Now in its fourth year, the Early Career Professionals Recognition Symposium at the Entomological Society of America Annual Meeting honors a standout entomologist from each ESA Section doing important, innovative, or creative work during the early stages of their career.
At Entomology 2024, November 10–13 in Phoenix, Arizona, the Early Career Professional Recognition Symposium and Town Hall will take place at 2 p.m. on Tuesday, November 12. Below, meet the five entomologists chosen for the symposium, one from each ESA Section, and learn more about their work and career paths so far. Each will deliver a 30-minute presentation about their work at the symposium.
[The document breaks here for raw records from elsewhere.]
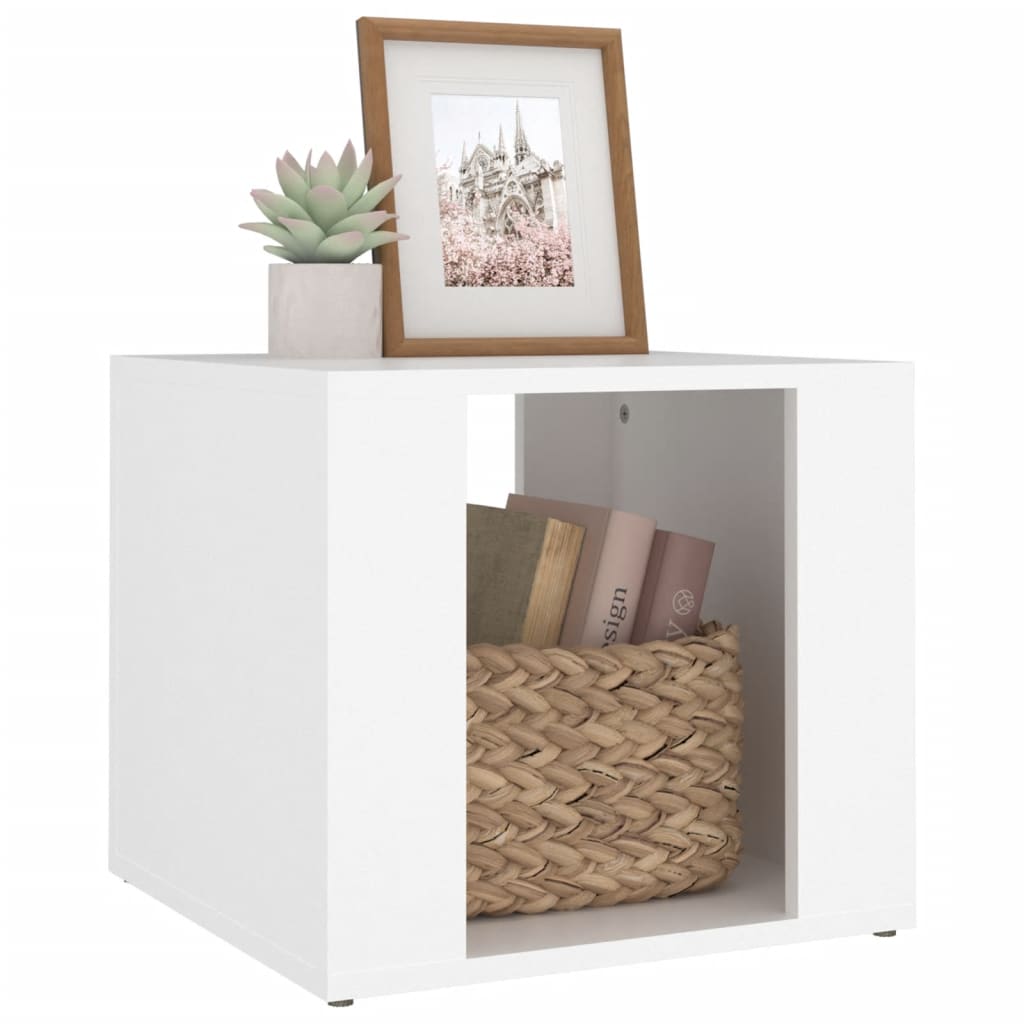 Mesita de noche madera contrachapada blanco 41x40x36 cm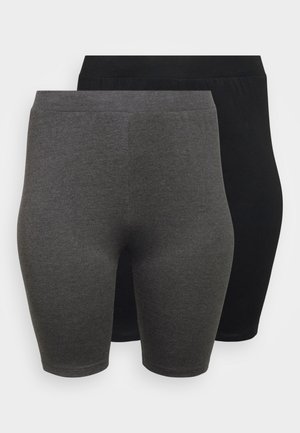 2 PACK  - Šorti -  black/mottled dark grey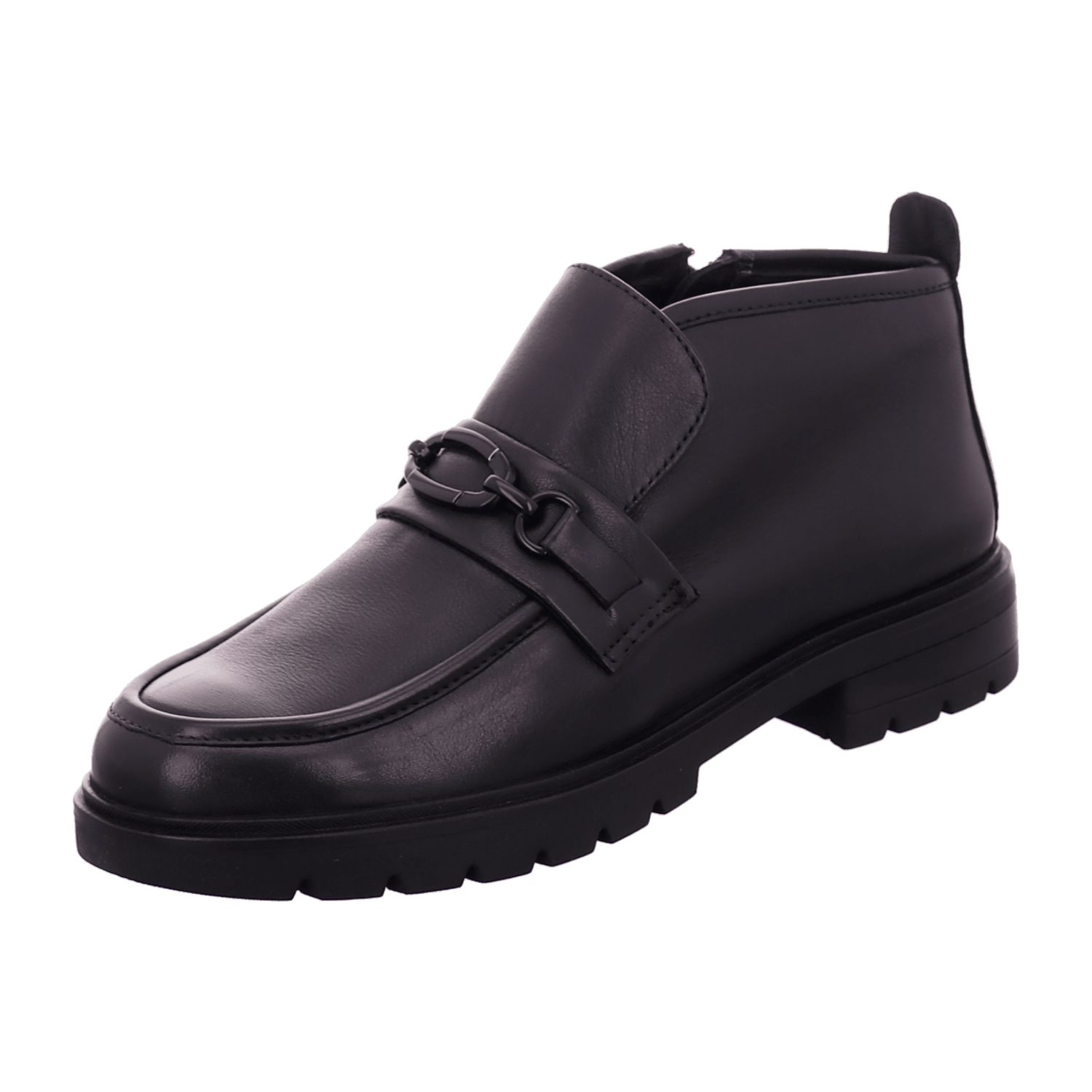 ARA Cambridge Women's Ankle Boot in Black Smooth Leather with Zipper and Round Toe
Presentation titles are listed with each Q&A; for the full schedule and more info, see the ECP Recognition Symposium in the Entomology 2024 online program or mobile app.
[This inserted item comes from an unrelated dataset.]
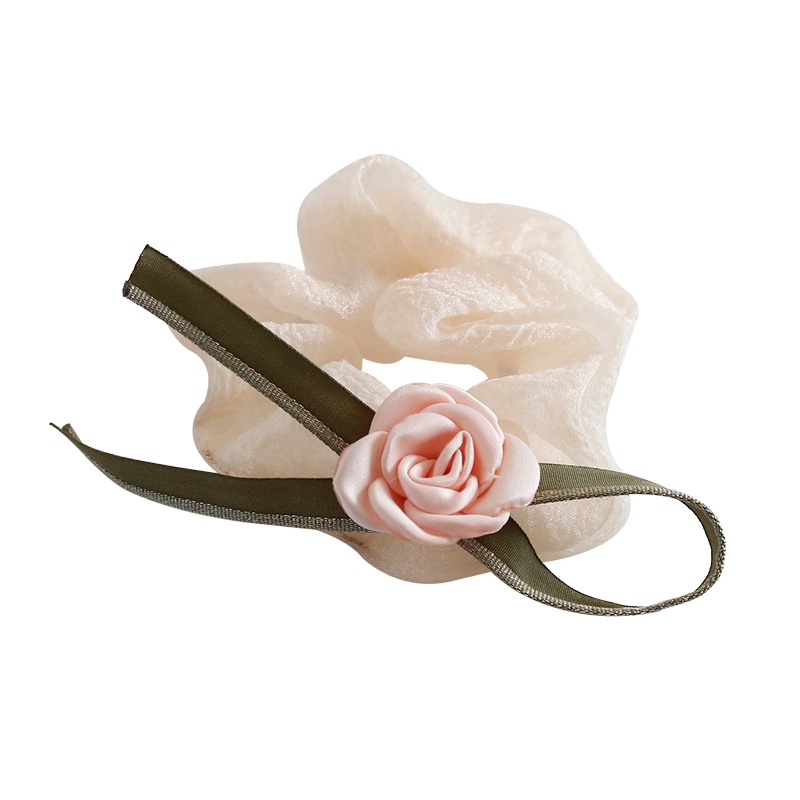 Dây Buộc Tóc Đính Hoa Trà Xinh Xắn Cho Nữ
Systematics, Evolution, and Biodiversity Section
Madison Sankovitz, Ph.D.
University of Colorado
Presentation: “From Varroa to Vespa: Unraveling the challenges to honey bee survival across Asia.”
Madison Sankovitz, Ph.D., is a postdoctoral researcher in the Boulder Bee Lab at the University of Colorado’s BioFrontiers Institute. Her presentation at the Early Career Professional Recognition Symposium will follow her journey through Asia to study parasites and predators of honey bees. Sankovitz received a B.A. in ecology and evolutionary biology from the University of Colorado Boulder and a Ph.D. in entomology from the University of California, Riverside. During both degrees, she studied the ecology and genomics of social insects.
Tell us a little bit about yourself and how you became interested in entomology.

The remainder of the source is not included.